Both the guys listed at the end are getting nice write ups. Dugger is the type guy you love at safety. Ball park numbers but 6’2" 220 with 4.45 speed and long arms (over 33 inches). He was ignored coming out of high school because he was small. All 32 teams sent scouts here is part of an article

At nearly 6-foot-1 and 218 pounds, he was clocked by Florence at 4.41 and 4.45 in the 40-yard dash. Had Florence asked, Dugger could also have shown him an eye-opening broad jump of 10 feet, 11 inches. Florence placed a draftable grade on him, and ever since a parade of scouting attention has blazed a rarely traveled path through Hickory. All 32 NFL clubs have stopped by Lenoir-Rhyne to evaluate the potential top-100 selection, many of them more than once, and with a combination of area and higher-level scouts. Nine NFL directors of college scouting had come through, along with four directors of player personnel, and one general manager (Marty Hurney of the Carolina Panthers). One scouting department from an AFC East team has been through Hickory five times.

You can’t teach his measurables and if he plays well today he may make it up into round 2.

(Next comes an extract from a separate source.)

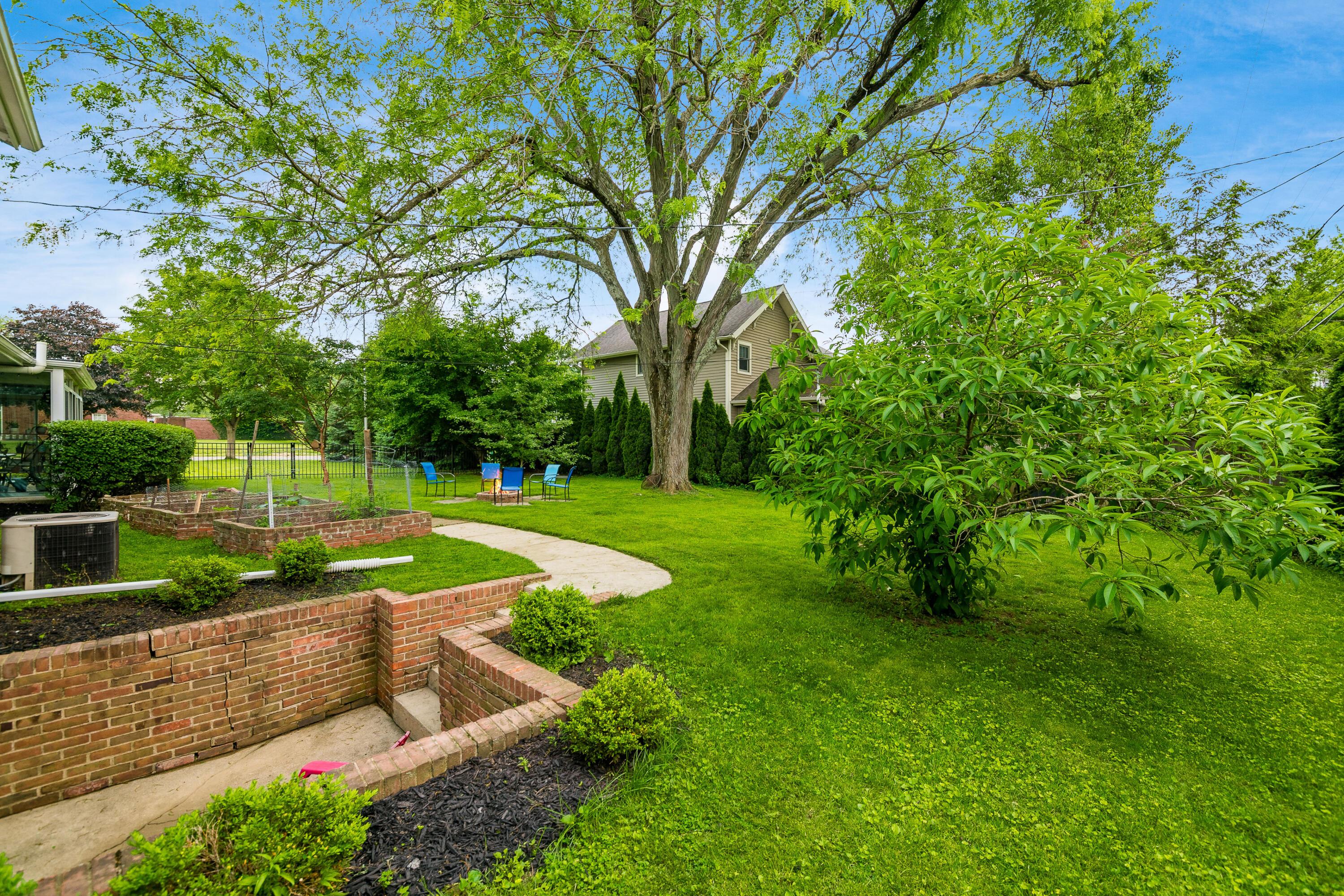 2175 Ridgeview Road Columbus, OH 43221 - Photo 5 of 36 L_2175_Ridgeview010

he is a little short at 5’10" but everything written about him says he covers guys like glue. He can run a 4.3 according to one write-up. The NFL evaluators said he would be a day 3 pick or better. Definitely a day 2 based on everything written so far.

Lots of great prospects, we just need more picks.

Also read Holmes has played FS and excelled. Maybe a 5th round replacement for Diggs.

Darnay Holmes, CB/S, UCLA
The best defensive back at Senior Bowl was Darnay Holmes, in this draft analyst’s opinion. All three practices saw Holmes make plays in coverage, showing the ability to prevent separation and play the ball. He had a beautiful break up on a pass from Jalen Hurts for Collin Johnson in the middle of the field on Thursday. Holmes had a diving play to slap it away and came close to making the catch for an interception. Holmes looks like a nice defensive back who could play some nickel corner, free safety and outside corner. That versatility could lead to him being a riser in the draft process.

We don’t need to be taking any players from some Quebec school.

What’s that? Lenoir Rhyne is in … North Carolina?